When Ridgway arrived in country to take command, U.S. forces were still in retreat. But Ridgway wasn’t interested in retreats, and he wasn’t even interested in trying to hold the line against the massive Chinese assaults. Ridgway was interested in attacking.
And that’s just what he did. The charismatic general began immediately to pound the Eighth Army back into shape, and a courageous stand made at Chipyong-ni by U.S. and French forces—defeating a vastly larger Chinese army that had surrounded them—gave the U.S. a huge morale boost.
With its mojo firmly back in place, the Eighth Army attacked north, giving the tired Chinese no respite. Weather issues slowed the attack, but even so the Chinese were driven back—the first time since the Chinese had entered the war that they found themselves in retreat.
No sooner had this attack been completed than Ridgway mounted a second attack, this one successful enough that Seoul was recaptured in March—the city had now changed hands four times—and U.S. forces approached and crossed the 38th parallel as the Chinese continued their retreat.
But by now President Truman had had enough. He canned MacArthur, and using American success on the battlefield as leverage, opened negotiations.
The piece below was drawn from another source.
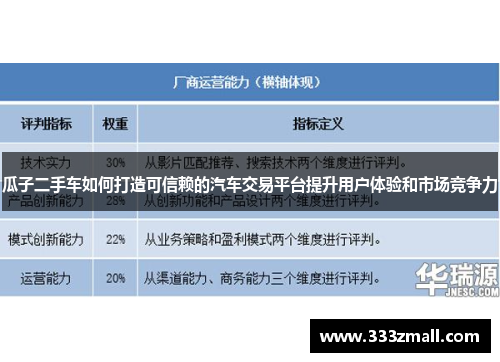 瓜子二手车如何打造可信赖的汽车交易平台提升用户体验和市场竞争力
Those talks eventually led to a truce but not to a peace treaty; the United States and the North Koreans are still technically at war 65 years later.
The Korean War was one of the most horrific in history, given its limited geography and duration. More than 36,000 American soldiers died, 160,000 South Korean soldiers died, 590,000 enemy soldiers died, and roughly three million civilians were killed. During some Chinese offensives, more than three times as many Chinese soldiers were killed than the Americans lost throughout the entire war.
What would Sun Tzu have thought of this debacle? Let’s look into “The Art of War” and see if Korea might have been better managed. We will, first, assume that President Truman had put Sun, not MacArthur, in military command of Korea in 1945.
“One who knows the enemy and knows himself will not be endangered in a hundred battles.” —Sun Tzu, “The Art of War,” Chapter 3
As noted last week, American civilian and military leaders went into the Korean fiasco without knowing either their enemies or their allies. The Americans vastly underestimated North Korea’s military capabilities and mistakenly assumed that the priority for the ROK army was to put down insurrections rather than to prepare for a conventional war.
General Sun would, instead, have used the years between 1945 and 1950 to beef up the ROK army’s training and weaponry to handle a possible invasion from the north. Rather than stationing only a few hundred American military advisors in South Korea, he would have moved at least several divisions to Korea from Japan to act as serious tripwires.
Sun would also have worried enough about an invasion from North Korea to have launched diplomatic initiatives to make such an action less likely, or at least to delay it until the South was strong enough to stand on its own.
It’s true, of course, that Syngman Rhee would have violently opposed all these actions. But so what? The Americans held the whip hand in Korea and Sun would have used it. If Rhee wanted to face the North Koreans and Chinese on his own, of course, he was welcome to do so.
These actions alone might have avoided war on the Korean Peninsula entirely. Kim Il-sung would certainly have tried to get Chinese and Soviet backing for an invasion, but with a powerful ROK army in the south and serious American firepower backing them up, it’s unlikely that Mao or Stalin would have risked a war in Korea.